1. List of values and probabilities:

   • $X = -13, -10, -9, -5, 2, 10$
   • Corresponding probabilities: $P(X = -13) = \frac{1}{49}, P(X = -10) = \frac{13}{49}, P(X = -9) = \frac{9}{49}, P(X = -5) = \frac{10}{49}, P(X = 2) = \frac{11}{49}, P(X = 10) = \frac{5}{49}$

2. Compute the expected value $\mathbb{E}[X]$: $\mathbb{E}[X] = \sum_i x_i P(x_i) = (-13)\frac{1}{49} + (-10)\frac{13}{49} + (-9)\frac{9}{49} + (-5)\frac{10}{49} + 2\frac{11}{49} + 10\frac{5}{49}$

3. Compute the expected value of $X^2$ (i.e., $\mathbb{E}[X^2]$): $\mathbb{E}[X^2] = \sum_i x_i^2 P(x_i) = (-13)^2\frac{1}{49} + (-10)^2\frac{13}{49} + (-9)^2\frac{9}{49} + (-5)^2\frac{10}{49} + 2^2\frac{11}{49} + 10^2\frac{5}{49}$

4. Find the variance $\text{Var}(X)$: [ \text{Var}(X) = \mathbb{E}[X^2] - (\mathbb{E}[X])^2 ]

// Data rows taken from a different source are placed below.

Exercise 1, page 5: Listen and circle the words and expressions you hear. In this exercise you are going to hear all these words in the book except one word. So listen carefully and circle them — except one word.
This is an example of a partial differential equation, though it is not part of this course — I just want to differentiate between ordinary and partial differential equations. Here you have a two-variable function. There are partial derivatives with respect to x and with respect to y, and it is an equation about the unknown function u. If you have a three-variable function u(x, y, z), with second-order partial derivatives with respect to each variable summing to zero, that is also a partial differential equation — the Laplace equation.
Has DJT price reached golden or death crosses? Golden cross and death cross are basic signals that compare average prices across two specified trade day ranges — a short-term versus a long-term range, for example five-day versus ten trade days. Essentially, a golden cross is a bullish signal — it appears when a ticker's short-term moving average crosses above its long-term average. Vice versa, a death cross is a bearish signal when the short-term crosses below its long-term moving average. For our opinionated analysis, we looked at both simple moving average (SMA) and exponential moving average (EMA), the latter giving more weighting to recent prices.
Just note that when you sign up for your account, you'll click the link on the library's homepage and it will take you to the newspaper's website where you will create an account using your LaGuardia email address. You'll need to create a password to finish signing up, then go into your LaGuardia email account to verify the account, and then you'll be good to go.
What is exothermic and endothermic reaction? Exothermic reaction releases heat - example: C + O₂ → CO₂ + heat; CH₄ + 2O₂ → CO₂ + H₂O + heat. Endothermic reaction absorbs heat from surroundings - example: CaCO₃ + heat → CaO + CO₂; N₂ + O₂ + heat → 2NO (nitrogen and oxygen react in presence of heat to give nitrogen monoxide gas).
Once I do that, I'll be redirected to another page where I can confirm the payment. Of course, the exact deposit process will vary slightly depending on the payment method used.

Let me calculate each step.Here are the results for the discrete random variable $X$:

1. Expected value $\mathbb{E}[X]$: $\mathbb{E}[X] = -4.1224$

2. Expected value of $X^2$, i.e., $\mathbb{E}[X^2]$: $\mathbb{E}[X^2] = 61.0612$

3. Variance of $X$, i.e., $\text{Var}(X)$: $\text{Var}(X) = 44.0666$

If you have any questions or would like more details, feel free to ask!

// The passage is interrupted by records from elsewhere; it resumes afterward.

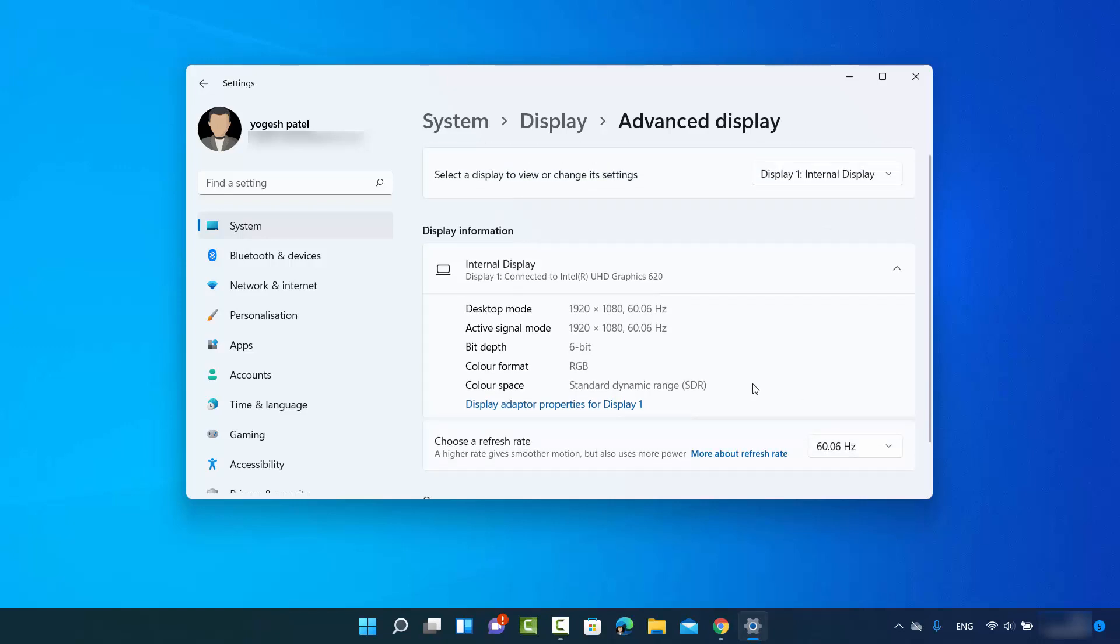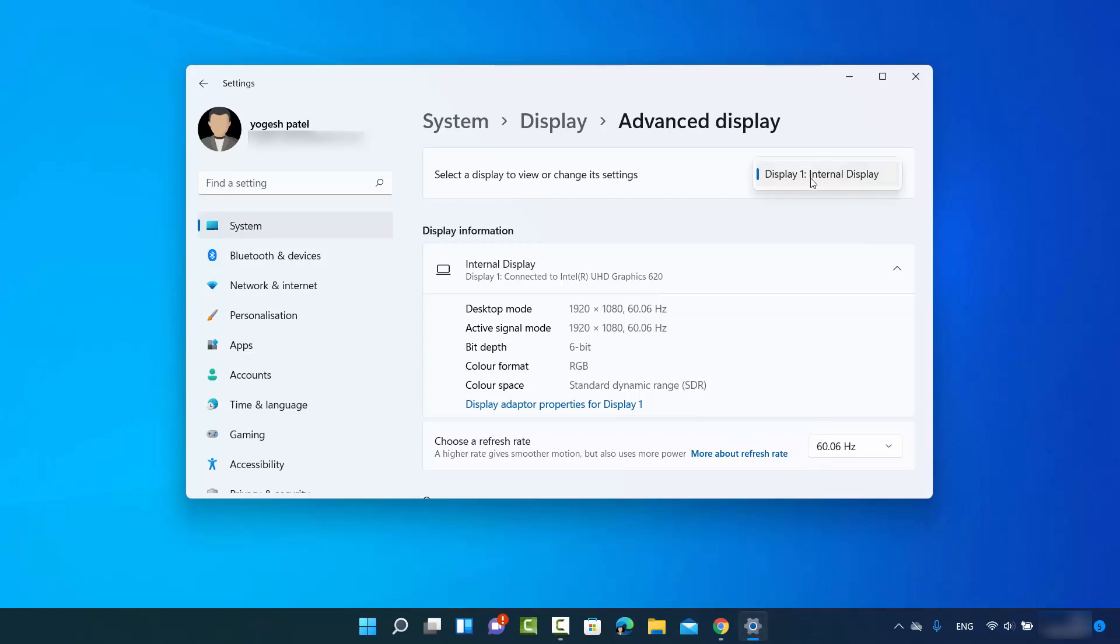Now if you have multiple displays, you can change the display from here and then view the refresh rate for that particular display in this section. I only have one display right now, but if you have multiple displays connected, this drop-down menu will show multiple options using which you can change the display and see the setting.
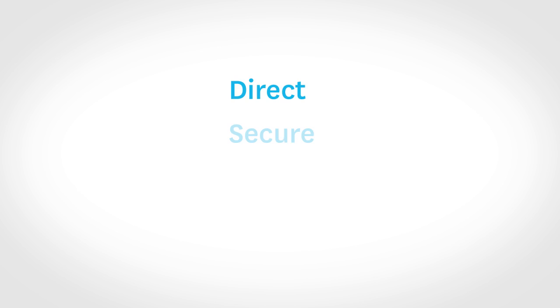Direct Bank Feeds are four things. They are direct, secure, easy, and reliable.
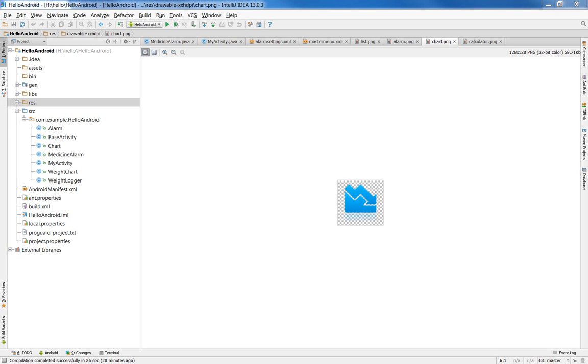Alright, today I want to talk about using a different emulator than the standard Google emulator that comes with the Android Development Kit.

Here are 5 related questions:

1. How would the variance change if we adjusted the probabilities?
2. What is the significance of a negative expected value?
3. How is variance affected if the data points are further spread out?
4. How does the expected value of $X^2$ contribute to calculating variance?
5. Can you derive the standard deviation from the variance?

Tip: The standard deviation is the square root of the variance, giving a measure of spread in the same units as the data itself.